=== Problem description ===
In the entries below, the lines from the one with "NA-KD spijkerbroek maat" through the one with "Northwest Shopping Centre" are to be copied exactly; both ends count.
[Data for processing Boundary: Start]
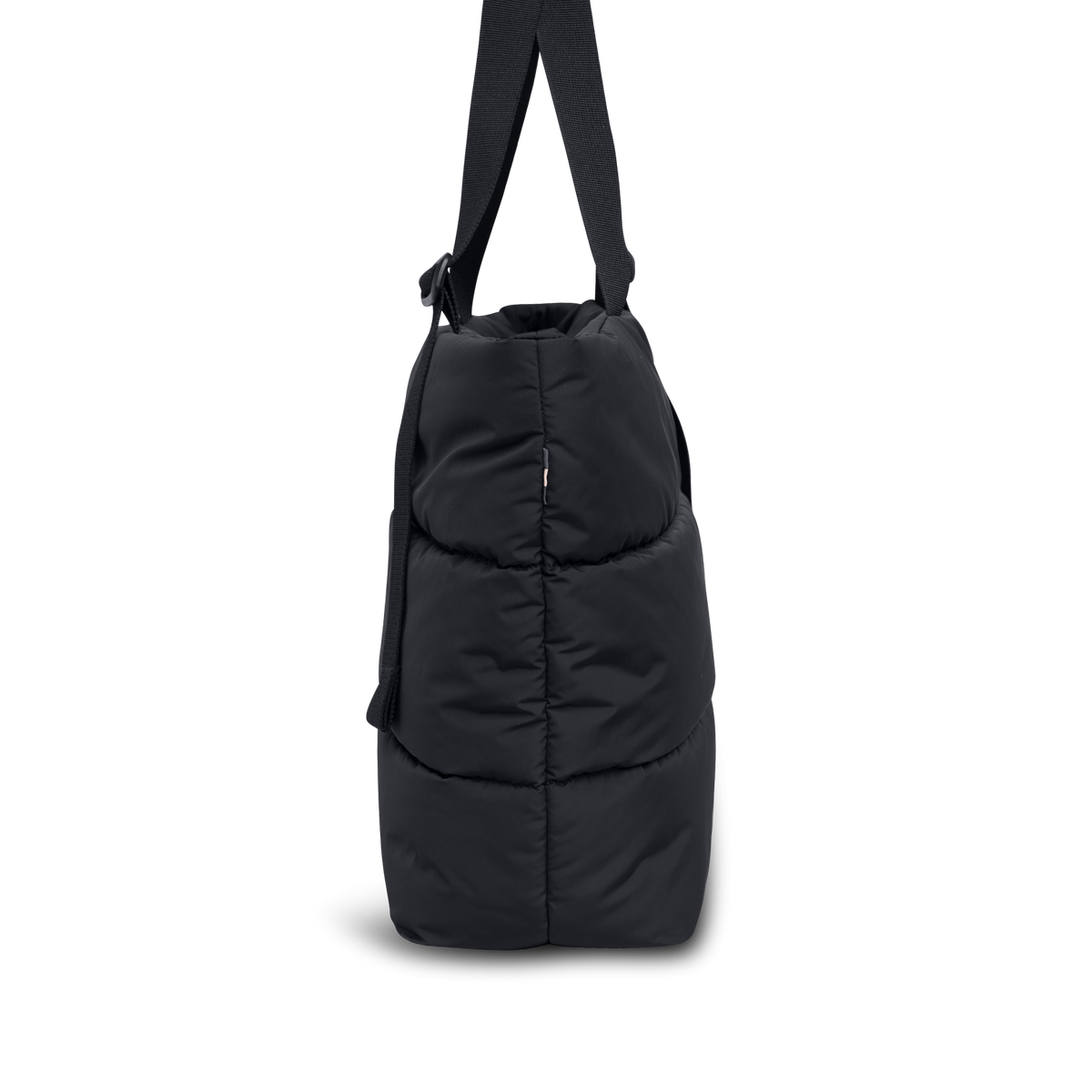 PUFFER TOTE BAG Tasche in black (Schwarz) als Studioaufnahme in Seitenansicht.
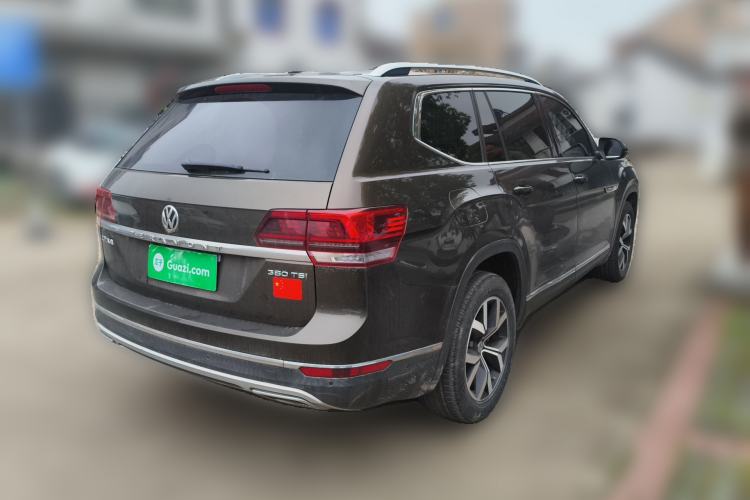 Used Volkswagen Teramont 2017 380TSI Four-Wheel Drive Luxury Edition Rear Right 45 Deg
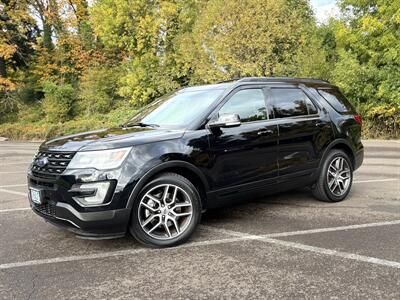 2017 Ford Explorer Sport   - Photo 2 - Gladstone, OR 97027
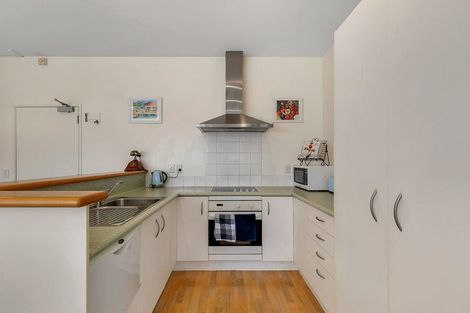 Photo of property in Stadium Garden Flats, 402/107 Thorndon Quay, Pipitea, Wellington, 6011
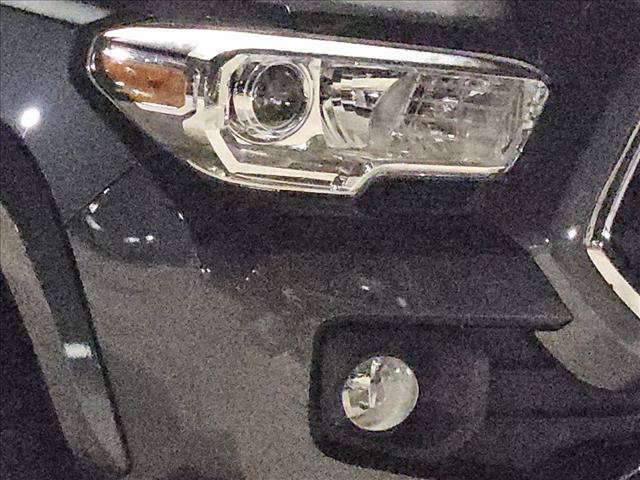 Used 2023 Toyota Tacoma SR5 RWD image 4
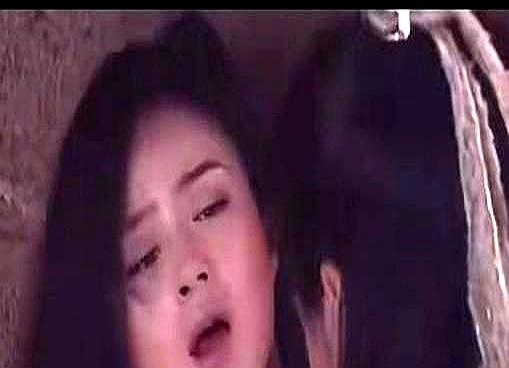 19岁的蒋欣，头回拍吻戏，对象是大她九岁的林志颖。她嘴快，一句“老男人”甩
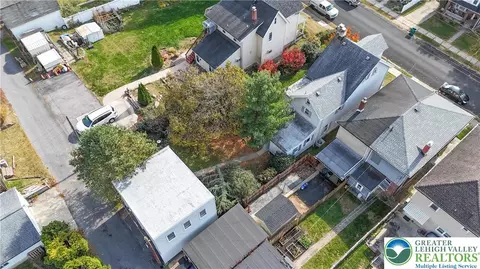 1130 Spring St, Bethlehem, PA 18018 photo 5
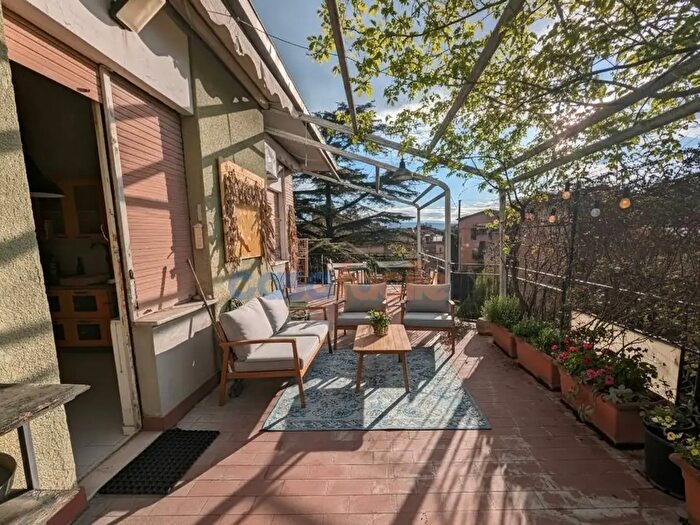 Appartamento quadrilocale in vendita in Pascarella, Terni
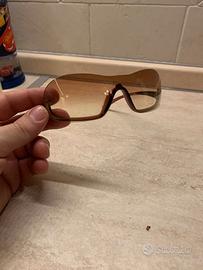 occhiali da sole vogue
[Data for processing Boundary: End]
[Data for processing Boundary: Start]
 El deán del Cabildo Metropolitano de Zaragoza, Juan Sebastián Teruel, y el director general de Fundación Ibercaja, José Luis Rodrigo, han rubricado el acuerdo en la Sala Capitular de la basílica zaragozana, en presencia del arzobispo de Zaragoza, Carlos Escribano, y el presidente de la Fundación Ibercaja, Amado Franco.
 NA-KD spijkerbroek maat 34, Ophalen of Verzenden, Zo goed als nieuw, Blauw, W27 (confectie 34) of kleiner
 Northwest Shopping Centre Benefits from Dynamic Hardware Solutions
[Data for processing Boundary: End]
=== Solution ===
 NA-KD spijkerbroek maat 34, Ophalen of Verzenden, Zo goed als nieuw, Blauw, W27 (confectie 34) of kleiner
 Northwest Shopping Centre Benefits from Dynamic Hardware Solutions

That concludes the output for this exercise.